9. In § 982.507, revise paragraph (a)(2)(ii) to read as follows:

§ 982.507
Rent to owner: Reasonable rent.

(a) * * *

(2) * * *

(ii) If there is a 10 percent decrease in the published FMR in effect 60 days before the contract anniversary (for the unit size rented by the family) as compared with the FMR in effect 1 year before the contract anniversary.

PART 983—PROJECT-BASED VOUCHER (PBV) PROGRAM

10. The authority citation for part 983 continues to read as follows:

Authority: 42 U.S.C. 1437f and 3535d.

11. In § 983.301, revise paragraph (a)(3) to read as follows:

§ 983.301
Determining the rent to owner.

(a) * * *

(3) The rent to owner is also redetermined in accordance with § 983.302.

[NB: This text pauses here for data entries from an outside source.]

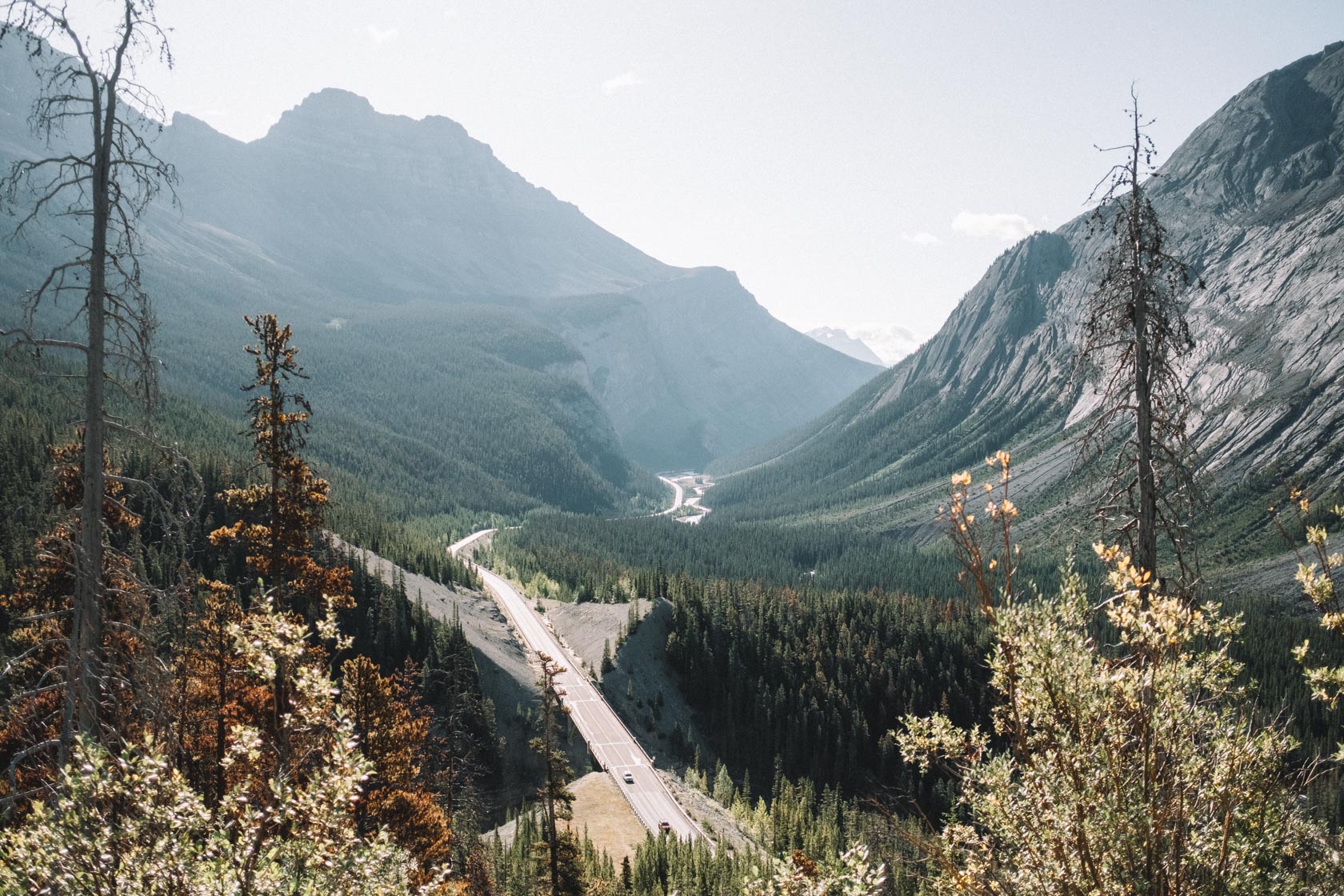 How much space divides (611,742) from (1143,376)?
183 ft

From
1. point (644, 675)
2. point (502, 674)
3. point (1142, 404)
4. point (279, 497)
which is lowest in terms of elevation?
point (644, 675)

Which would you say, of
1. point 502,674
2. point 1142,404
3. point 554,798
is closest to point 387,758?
point 554,798

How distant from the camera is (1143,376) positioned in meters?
12.9

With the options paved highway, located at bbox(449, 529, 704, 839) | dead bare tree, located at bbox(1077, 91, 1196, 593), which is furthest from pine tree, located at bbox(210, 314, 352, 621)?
paved highway, located at bbox(449, 529, 704, 839)

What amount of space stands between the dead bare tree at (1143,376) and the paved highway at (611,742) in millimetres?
31749

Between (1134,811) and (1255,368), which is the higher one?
(1255,368)

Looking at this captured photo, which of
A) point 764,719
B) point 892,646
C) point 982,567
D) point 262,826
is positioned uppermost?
point 982,567

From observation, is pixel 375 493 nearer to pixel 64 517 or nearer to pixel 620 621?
pixel 620 621

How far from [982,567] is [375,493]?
16713 centimetres

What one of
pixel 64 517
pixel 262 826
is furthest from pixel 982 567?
pixel 64 517

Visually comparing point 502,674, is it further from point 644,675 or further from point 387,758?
point 387,758

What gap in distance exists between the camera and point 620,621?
82812 millimetres

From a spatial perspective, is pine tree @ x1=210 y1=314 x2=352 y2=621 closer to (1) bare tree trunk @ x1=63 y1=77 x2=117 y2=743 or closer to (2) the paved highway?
(1) bare tree trunk @ x1=63 y1=77 x2=117 y2=743

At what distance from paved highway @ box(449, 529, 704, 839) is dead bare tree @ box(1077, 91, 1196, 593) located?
31.7 metres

12. In § 983.302, revise paragraph (a)(2) to read as follows:

Redetermination of rent to owner.

(a) * * *

(2) When there is a 10 percent decrease in the published FMR.

13. In § 983.303, revise paragraph (b)(1) to read as follows:

§ 983.303
Reasonable rent.

(b) * * *

(1) Whenever there is a 10 percent decrease in the published FMR in effect 60 days before the contract anniversary (for the unit sizes specified in the HAP contract) as compared with the FMR in effect 1 year before the contract anniversary.

PART 985—SECTION 8 MANAGEMENT ASSESSMENT PROGRAM (SEMAP)

14. The authority citation for part 985 continues to read as follows:

Authority: 42 U.S.C. 1437a, 1437c, 1437f, and 3535(d).

15. In § 985.3, revise paragraphs (b)(1), (b)(3)(i)(B), and (b)(3)(ii) and add a sentence to the end of paragraph (i)(1) to read as follows:

§ 985.3
Indicators, HUD verification methods and ratings.

(b) * * *

(1) This indicator shows whether the PHA has and implements a reasonable written method to determine and document for each unit leased that the rent to owner is reasonable based on current rents for comparable unassisted units: At the time of initial leasing; if there is any increase in the rent to owner; at the HAP contract anniversary if there is a 10 percent decrease in the published fair market rent (FMR) in effect 60 days before the HAP contract anniversary. The PHA's method must take into consideration the location, size, type, quality and age of the units, and the amenities, housing services, and maintenance and utilities provided by the owners in determining comparability and the reasonable rent. (24 CFR 982.4, 24 CFR 982.54(d)(15), 982.158(f)(7) and 982.507)

(3) * * *

(i) * * *

(B) Based on the PHA's quality control sample of tenant files, the PHA follows its written method to determine reasonable rent and has documented its determination that the rent to owner is reasonable in accordance with § 982.507 of this chapter for at least 98 percent of units sampled at the time of initial leasing, if there is any increase in the rent to owner, and at the HAP contract anniversary if there is a 10 percent decrease in the published FMR in effect 60 days before the HAP contract anniversary. 20 points.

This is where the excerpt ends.